In Philip Kotler’s book Marketing: An Introduction, positioning is defined as arranging for a market offering to occupy a clear; distinctive, and desirable place relative to competing products in the minds of target consumers. Ultimately an effective positioning strategy differentiates a company’s product from its competitors’ products. In class we went a step further and dove into external positioning, which focuses on establishing identity for a product in the minds of the consumers and differentiating your service, product, or organization.
In the ever changing fast food market, Taco Bell has made strides to solidify its position as the nation’s leading Mexican-style fast food restaurant chain by promoting its new “Drive Thru Diet Menu.” Taco Bell also tends to separate itself from its competitors by conducting 70 percent of its business through drive thru with its available healthy, nutritious menu.

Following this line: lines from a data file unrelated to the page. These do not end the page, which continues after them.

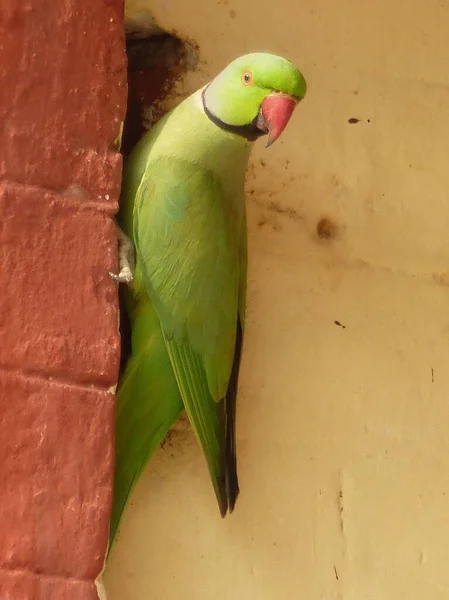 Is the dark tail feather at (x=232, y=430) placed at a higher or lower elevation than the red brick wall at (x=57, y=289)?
lower

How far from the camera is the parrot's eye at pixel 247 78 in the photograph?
1.28m

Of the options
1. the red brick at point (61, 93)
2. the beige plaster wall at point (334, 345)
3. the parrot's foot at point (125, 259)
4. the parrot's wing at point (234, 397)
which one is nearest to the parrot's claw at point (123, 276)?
the parrot's foot at point (125, 259)

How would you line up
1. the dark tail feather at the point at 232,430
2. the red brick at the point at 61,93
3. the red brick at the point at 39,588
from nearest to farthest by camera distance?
1. the red brick at the point at 39,588
2. the red brick at the point at 61,93
3. the dark tail feather at the point at 232,430

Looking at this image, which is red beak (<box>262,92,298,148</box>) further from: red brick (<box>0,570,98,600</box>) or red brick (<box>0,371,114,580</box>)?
red brick (<box>0,570,98,600</box>)

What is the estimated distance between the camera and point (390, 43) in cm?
171

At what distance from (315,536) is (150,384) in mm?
415

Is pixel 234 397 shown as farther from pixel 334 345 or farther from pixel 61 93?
pixel 61 93

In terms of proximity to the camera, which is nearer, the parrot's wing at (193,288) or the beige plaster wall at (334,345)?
the parrot's wing at (193,288)

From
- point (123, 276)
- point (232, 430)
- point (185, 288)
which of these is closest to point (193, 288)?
point (185, 288)

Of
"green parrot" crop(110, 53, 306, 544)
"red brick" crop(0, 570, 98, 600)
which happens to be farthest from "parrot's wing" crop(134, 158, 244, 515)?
"red brick" crop(0, 570, 98, 600)

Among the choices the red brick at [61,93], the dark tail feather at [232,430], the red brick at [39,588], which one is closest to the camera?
the red brick at [39,588]

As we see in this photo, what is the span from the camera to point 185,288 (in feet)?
3.97

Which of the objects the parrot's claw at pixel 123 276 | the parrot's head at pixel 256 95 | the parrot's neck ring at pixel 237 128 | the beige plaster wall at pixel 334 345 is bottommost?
the beige plaster wall at pixel 334 345

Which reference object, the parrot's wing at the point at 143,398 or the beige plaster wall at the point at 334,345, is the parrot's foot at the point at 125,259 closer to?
the parrot's wing at the point at 143,398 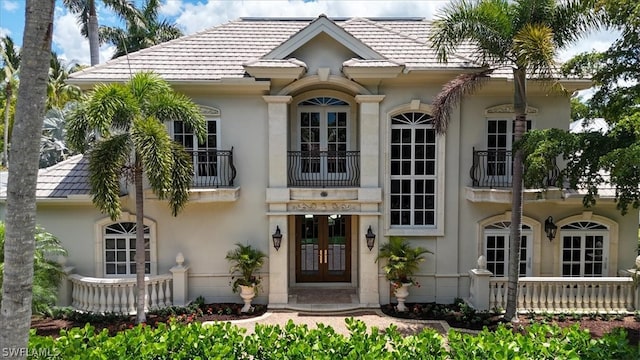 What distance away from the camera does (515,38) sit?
10.1m

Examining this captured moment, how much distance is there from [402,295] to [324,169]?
15.5ft

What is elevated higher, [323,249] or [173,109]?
[173,109]

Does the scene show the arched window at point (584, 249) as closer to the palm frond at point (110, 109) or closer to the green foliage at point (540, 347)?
the green foliage at point (540, 347)

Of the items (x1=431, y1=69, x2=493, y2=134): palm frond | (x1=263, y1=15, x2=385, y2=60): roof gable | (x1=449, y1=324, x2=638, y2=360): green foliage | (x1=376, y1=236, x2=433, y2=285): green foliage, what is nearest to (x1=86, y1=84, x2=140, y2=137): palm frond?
(x1=263, y1=15, x2=385, y2=60): roof gable

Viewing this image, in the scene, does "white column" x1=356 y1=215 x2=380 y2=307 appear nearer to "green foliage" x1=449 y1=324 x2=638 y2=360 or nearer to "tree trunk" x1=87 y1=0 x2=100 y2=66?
"green foliage" x1=449 y1=324 x2=638 y2=360

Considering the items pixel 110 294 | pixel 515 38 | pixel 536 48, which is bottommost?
pixel 110 294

Although Taco Bell’s “Drive Thru Diet Menu” was started in 2007, it has recently received an increase in fan fare with its new promotional campaign which features Christine Daugherty, an actual customer who lost 54 pounds over two years by eating off of the “Drive Thru Diet Menu.” Taco Bell effectively establishes itself as a respected fast food restaurant with viable, healthy food options that can help consumers lose weight. Although Taco Bell clearly claims that the Drive Thru Diet Menu isn’t a weight loss program, its healthy menu acts as a substitute for other unhealthy fast food options. By creating a weight-loss spokesperson for the company, Taco Bell has begun to distance itself from its fast-food competitors with its nutritional food options and has also opened a new avenue for competition with companies that promote weight-loss claims. Taco Bell’s unique drive through approach to business and its revamped menu make it a unique company in the fast food business.